A la mañana siguiente, al llegar a comisaría, encontré a Garzón acompañado de Yolanda y Sonia. Estaban clavando chinchetas sobre un gran plano de Barcelona que habían colocado en la pared.

—¿Qué es eso? —pregunté—. ¿Un torneo de golf?

—Son los lugares donde suelen encontrarse mendigos, y en la selección incluimos los albergues y los comedores de beneficencia.

—¡Qué cantidad de chinchetas!

Garzón suspiró profundamente, hizo un gesto de serena desesperanza y abrió los brazos de par en par.

—¡Las ciudades están infestadas de gente sin hogar, infestadas!

—Sí, ya sé, en este país hay más mendigos que bares, por poner un ejemplo exagerado; pero supongo que han escogido los sectores siguiendo un criterio racional.

Yolanda tomó la palabra.

—Hemos suprimido los comedores religiosos.

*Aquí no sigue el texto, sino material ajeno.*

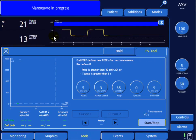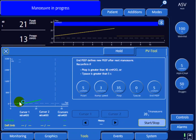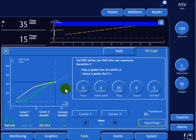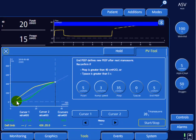You can see the pressure starting to rise on the x-axis. As pressure increases, volume enters the lung and is reflected on the y-axis. The maneuver is now finished and we can analyze the graph.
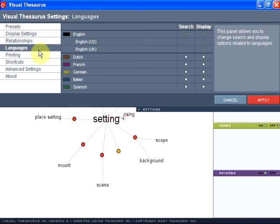You can also change which languages you search in. For example, if you want to use this in your Spanish class as you're doing a read aloud,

En el albergue donde solía dormir Eulalia nos dijeron que es muy anticlerical, que siempre renegaba contra curas y monjas.

—Me parece bien.

—También hemos suprimido un tugurio donde van indigentes por su condición sexual.

—¿Y eso qué quiere decir?

—Que van maricones —soltó Sonia a bocajarro.

—¡Pero, tía! —exclamó Yolanda viendo estropeada
su
eufemística denominación.

—¡Es para que la inspectora lo entienda!

—En efecto, lo he entendido. Yolanda, ve a pedirle al comisario la lista de hombres con los que vamos a contar y convócalos a todos esta tarde a las cuatro. Para entonces
es
preciso que tengan perfectamente claro las zonas que deben controlar.

—¿Aprueba usted el mapa que hemos preparado?


Nihil obstat
, que, como ustedes saben perfectamente, significa: todos al tajo.

Salieron del despacho como dos legionarias inflamadas de sentido del deber. Garzón me miraba con cara de pitorreo.

—¡
Nihil obstat
!, ¡vaya expresión para utilizarla con las chicas! Y luego se queja de la fama de excéntrica que tiene entre los colegas.

—Vámonos, subinspector. La familia del finado nos espera, y vive a casi doscientos kilómetros de aquí.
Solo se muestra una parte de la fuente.